Qué debes revisar antes de retirarlo

  • Presión y caudal: asegúrate de que el rociador no atomice ni salpique en exceso.
  • Ubicación del soporte: accesible desde la taza, sin cruzar la zona de paso.
  • Compatibilidad: roscas y diámetros estándar para evitar adaptadores poco fiables.
  • Seguridad: válvula de cierre rápido y antirretorno certificados.
  • Acabado: cromado, negro o acero para que case con la grifería existente.

Cómo estimar tu ahorro y el impacto ambiental

Haz una prueba de cuatro semanas. Mantén el papel solo como apoyo final y anota cuántos rollos consumes frente a un mes habitual. Si tu hogar reduce dos o tres paquetes, ese diferencial, proyectado a un año, explica el ahorro directo en la compra y la menor generación de residuos.
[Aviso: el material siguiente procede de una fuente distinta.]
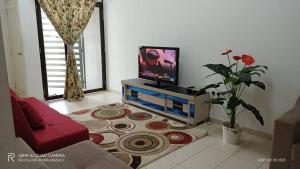 a living room with a flat screen tv on a table at Pok Su Homestay Balok in Kuantan +14 photos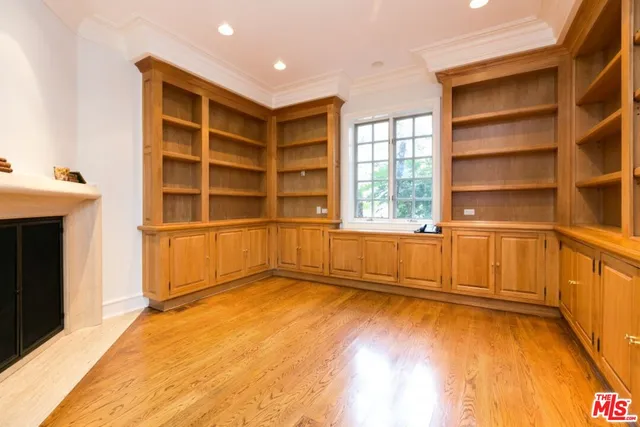 a view of an empty room with a fireplace and a window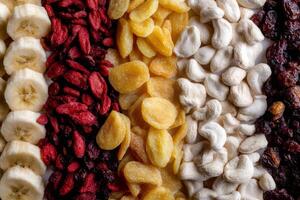 Dried fruits, nuts, and banana chips arranged in colorful vertical stripes for a healthy snacking experience photo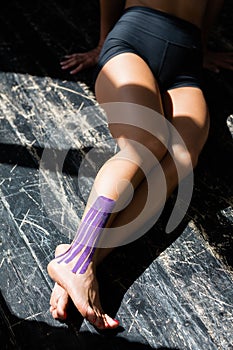 Close-up of female legs. A girl sits on the floor with a kinesiotherapy tape on the lower leg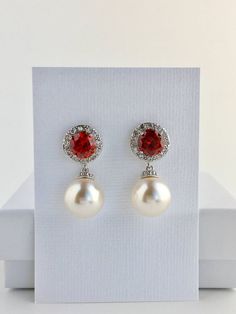 Red Bridal Earrings Red Crystal Halo Earrings Wedding Cubic Zirconia Earrings Bridal Red Swarovski P Elegant Red Pearl Earrings For Parties, Elegant Red Bridal Earrings, Red Pearl Earrings For Party, Red Dangle Pearl Earrings For Party, Red Clip-on Earrings For Formal Occasions, Ruby Dangle Bridal Earrings, Ruby Dangle Bridal Earrings As Gift, Ruby Dangle Bridal Earrings For Gifts, Red Dangle Crystal Earrings For Anniversary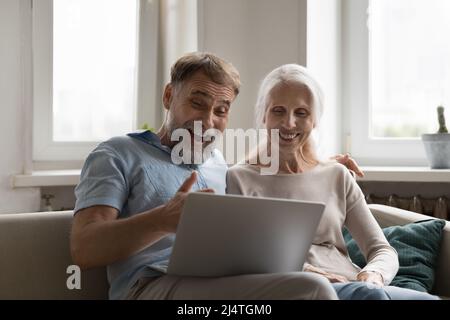 Le coppie anziane leggono le notizie fantastiche si sentono entusiaste fissando il laptop Foto Stock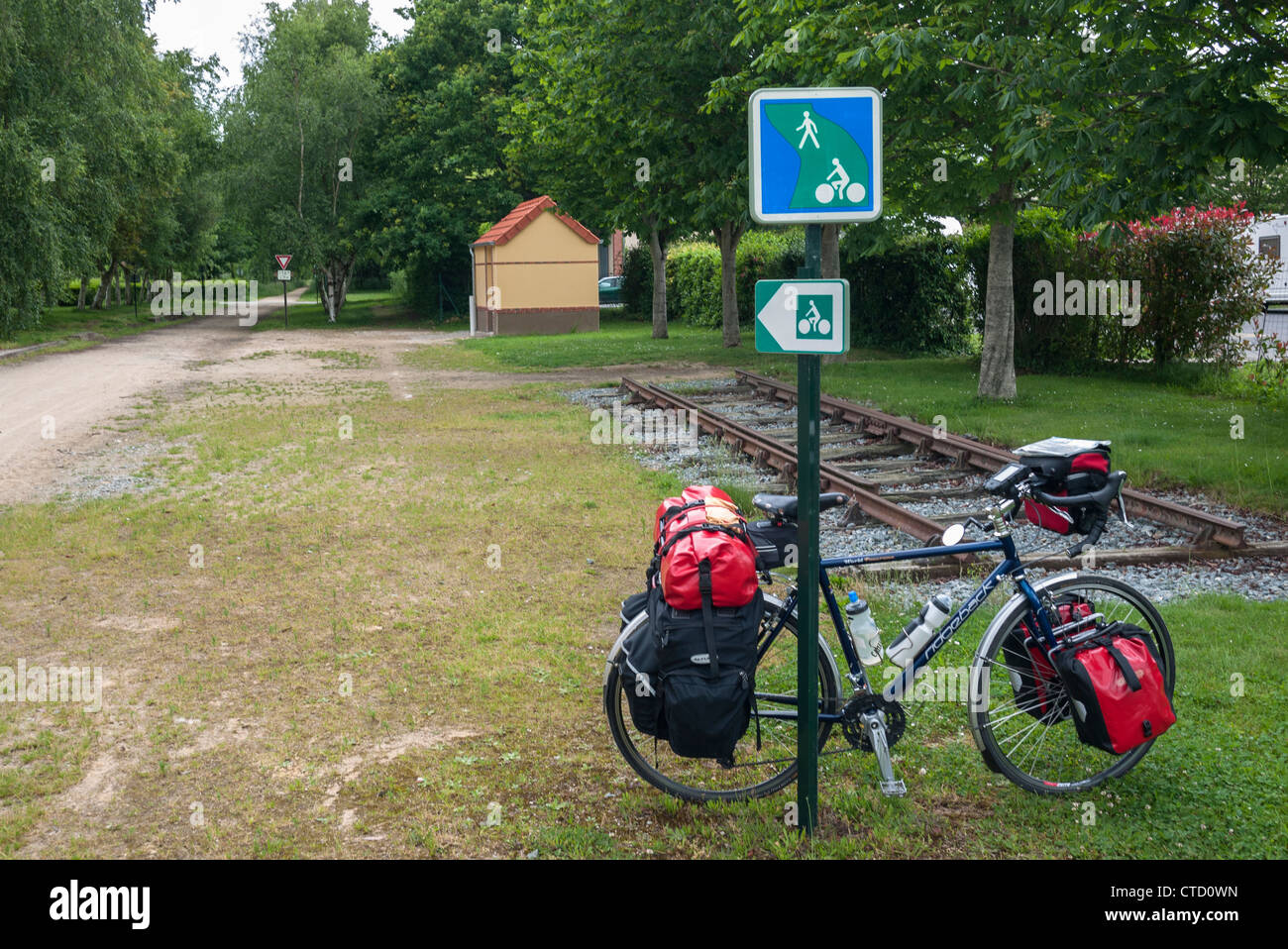 Randonnée vélo appuyé contre un poteau indicateur sur un velo route en Bretagne France Banque D'Images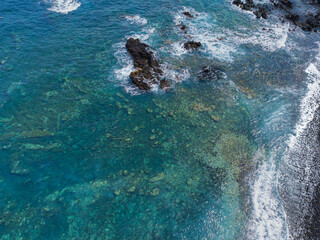 Aerial view of the rugged volcanic coast of Tenerife, Spain. Sharp, dark rock formations punctuate the vivid blue waters of the Atlantic Ocean. The jagged terrain creates natural pools 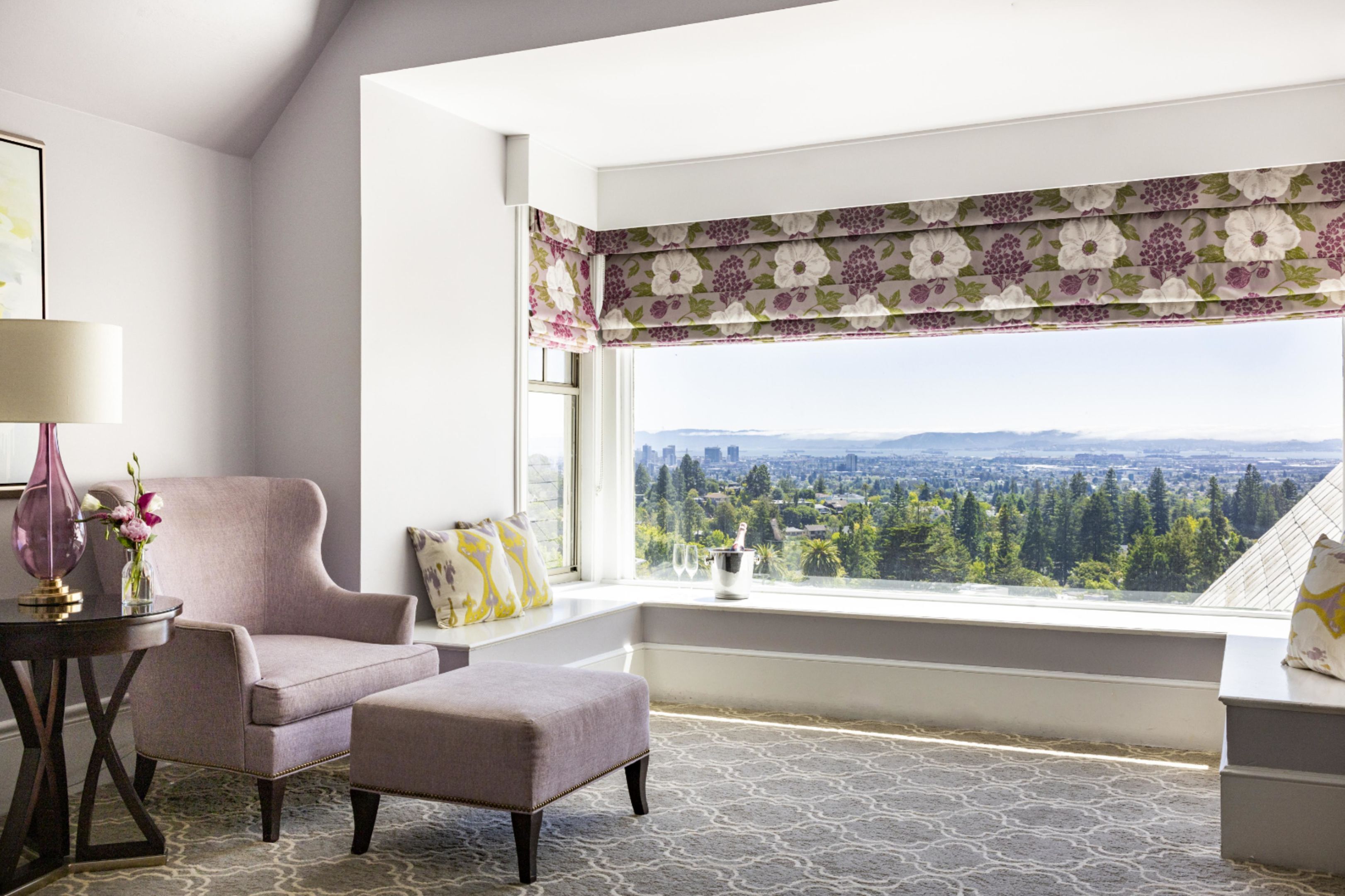 A room with a view of a cityscape, a window with floral curtains, a cushioned chair, and a small table with a vase of flowers.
La diferencia se amplía en casas con más de dos personas.

En hospitales y residencias ya se valora la higiene con agua por su suavidad en pieles sensibles. En casa se traduce en menos irritaciones y mejores rutinas para mayores y peques, que suelen aceptar mejor el lavado breve que un secado prolongado con papel.

Cuándo compensa pasar al inodoro con bidé integrado

Si estás planificando una reforma completa o necesitas accesibilidad de alto nivel, el inodoro multifunción concentra todo en una única pieza. Permite ajustar temperatura, presión y posición del chorro, memorizar perfiles y añadir secado por aire templado. A cambio, exige toma de corriente cercana y una instalación más técnica. En obra nueva o cambio de inodoro, la diferencia de coste frente a comprar bidé, grifería y obra se estrecha.

Una decisión práctica con efecto palanca

Quitar el bidé no es solo liberar un hueco. Es reordenar el baño, ganar almacenaje para toallas y limpieza, y mejorar la higiene diaria con menos consumo de papel. La ducha higiénica ya está aquí, se instala rápido y se usa sin curva de aprendizaje. En muchos hogares, el cambio empieza por un gatillo colgado junto al inodoro y termina con un baño más cómodo, eficiente y fácil de mantener.

1 thought on “Cada vez que entro al baño, me sobra un trasto» : por qué todos estáis quitando el bidé en España”

  1. mohamedspirituel

    Vivo en un piso minúsculo y confieso que el bidé solo servía para apilar toallas y algún trasto. Cambié a una ducha higiénica con gatillo y menuda diferencia: más espacio y limpieza sin hacer malabares. La instalacción fue simple (llave de corte y listo) y el consumo de papel bajó un montón. Deberia venir de serie.